Avian Vets have special training to determine the cause of symptoms resulting from illness or trauma.
This is important as "regular" vets will often overlook symptoms that are quickly obvious to an Avian Vet.
When you rely on anyone who has not had training in Avian diagnosis and care, you may be delaying effective treatment.
This can prolong suffering that may be avoidable.
The bird will often require a more intense, prolonged treatment with a poorer chance of full recovery than it would have if you seek prompt professional diagnosis and treatment at the first sign of illness.
If there are no Avian Vets near you, please find an Exotic Pet Veterinarian with experience in dealing with small birds.
*


----------



## Kujen (Jun 9, 2007)

I took him to the avian vet. He has lipomas and possibly something else inside him, like a tumor. I declined the X-rays because what can I even do if he has cancer? He is over 9 years old and has fatty liver disease. And it would cost over $900 for blood tests and X-rays. They prescribed metronidazole to help gut inflammation and I’ve been giving him that, metacam, and a probiotic.

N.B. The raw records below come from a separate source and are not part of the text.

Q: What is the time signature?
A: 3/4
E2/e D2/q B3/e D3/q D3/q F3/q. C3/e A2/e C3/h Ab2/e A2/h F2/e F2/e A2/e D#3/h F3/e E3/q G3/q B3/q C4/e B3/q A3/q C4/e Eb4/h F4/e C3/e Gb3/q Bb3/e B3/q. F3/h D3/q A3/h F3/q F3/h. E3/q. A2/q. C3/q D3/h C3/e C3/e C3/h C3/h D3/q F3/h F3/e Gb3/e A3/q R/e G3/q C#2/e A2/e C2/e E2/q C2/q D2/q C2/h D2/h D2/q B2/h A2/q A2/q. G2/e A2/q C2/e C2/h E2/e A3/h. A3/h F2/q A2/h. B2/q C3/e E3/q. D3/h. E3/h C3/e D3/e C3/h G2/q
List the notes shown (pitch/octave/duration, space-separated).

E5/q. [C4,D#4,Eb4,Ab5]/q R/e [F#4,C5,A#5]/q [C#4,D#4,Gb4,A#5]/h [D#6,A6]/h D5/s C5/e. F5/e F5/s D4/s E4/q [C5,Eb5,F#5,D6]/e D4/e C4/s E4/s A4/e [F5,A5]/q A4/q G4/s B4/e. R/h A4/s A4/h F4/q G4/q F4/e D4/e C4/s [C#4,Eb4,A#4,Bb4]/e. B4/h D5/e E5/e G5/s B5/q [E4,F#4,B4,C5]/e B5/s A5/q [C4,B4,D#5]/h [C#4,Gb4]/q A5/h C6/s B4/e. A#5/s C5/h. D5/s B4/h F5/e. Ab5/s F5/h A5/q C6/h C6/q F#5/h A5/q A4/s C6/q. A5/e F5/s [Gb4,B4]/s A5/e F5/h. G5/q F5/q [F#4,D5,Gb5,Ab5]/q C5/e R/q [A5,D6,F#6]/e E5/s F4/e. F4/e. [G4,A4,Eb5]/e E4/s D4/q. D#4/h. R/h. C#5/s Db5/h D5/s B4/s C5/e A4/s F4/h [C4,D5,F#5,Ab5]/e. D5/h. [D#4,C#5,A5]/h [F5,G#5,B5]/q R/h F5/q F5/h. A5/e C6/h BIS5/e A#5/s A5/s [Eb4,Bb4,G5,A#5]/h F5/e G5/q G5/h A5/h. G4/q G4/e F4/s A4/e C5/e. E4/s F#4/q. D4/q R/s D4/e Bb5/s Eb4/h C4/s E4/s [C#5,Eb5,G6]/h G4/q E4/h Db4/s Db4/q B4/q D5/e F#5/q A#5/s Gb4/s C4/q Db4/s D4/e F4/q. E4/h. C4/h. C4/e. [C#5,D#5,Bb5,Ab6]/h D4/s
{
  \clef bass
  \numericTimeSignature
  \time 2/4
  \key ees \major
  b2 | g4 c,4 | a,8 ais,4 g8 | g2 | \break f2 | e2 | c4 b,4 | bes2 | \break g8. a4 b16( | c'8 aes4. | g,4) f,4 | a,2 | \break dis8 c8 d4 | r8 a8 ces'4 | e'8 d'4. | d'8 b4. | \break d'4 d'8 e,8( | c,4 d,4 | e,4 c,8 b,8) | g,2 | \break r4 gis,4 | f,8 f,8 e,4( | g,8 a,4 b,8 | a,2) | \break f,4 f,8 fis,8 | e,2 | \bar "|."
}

Unfortunately his condition has continued to decline. He is listless and vomiting. I hope it’s not yeast, they told me quite certainly that he didnt have yeast when they prescribed the antibiotic. I have stopped it now, and wondering if I should continue the metacam because it is so stressful on him grabbing him. The poops are small and liquid and he still strains. I don’t think the metacam is helping his pain this time and I feel absolutely terrible watching him suffer. I feel hopeless. I can only hope that nature will take him quickly now because I really don’t want to make that decision.


----------



## srirachaseahawk (Sep 5, 2021)

Kujen said:


> I took him to the avian vet. He has lipomas and possibly something else inside him, like a tumor. I declined the X-rays because what can I even do if he has cancer? He is over 9 years old and has fatty liver disease. And it would cost over $900 for blood tests and X-rays. They prescribed metronidazole to help gut inflammation and I’ve been giving him that, metacam, and a probiotic.
> 
> Unfortunately his condition has continued to decline. He is listless and vomiting. I hope it’s not yeast, they told me quite certainly that he didnt have yeast when they prescribed the antibiotic. I have stopped it now, and wondering if I should continue the metacam because it is so stressful on him grabbing him. The poops are small and liquid and he still strains. I don’t think the metacam is helping his pain this time and I feel absolutely terrible watching him suffer. I feel hopeless. I can only hope that nature will take him quickly now because I really don’t want to make that decision.


☹
It’s a really hard choice, but you have to look at this from a quality of life perspective. If he isn’t going to get better with treatment, it sounds like the rest of his days are going to be very uncomfortable…
It’s not an easy call, I certainly know (I’ve had to make it on ferrets before with cancer and kidney issues), but if you honestly don’t see a light at the end of his tunnel…


----------



## Cody (Sep 5, 2013)

Although a very difficult decision to make, if there is no treatment that will help him live a quality life, if it was my bird, I would make the decision to help him move on to the Rainbow Bridge. I have had to make this decision many times and it is never easy but when there is suffering without relief I choose to let them go. 😢


----------



## FaeryBee (May 9, 2011)

*I'm very sorry to hear Buddy is in such poor health.
His quality of life has deteriorated tremendously and I'm sure he must be suffering.
As difficult as it is, the best decision you could make would be to allow the vet to help him move on in his journey to the Rainbow Bridge. 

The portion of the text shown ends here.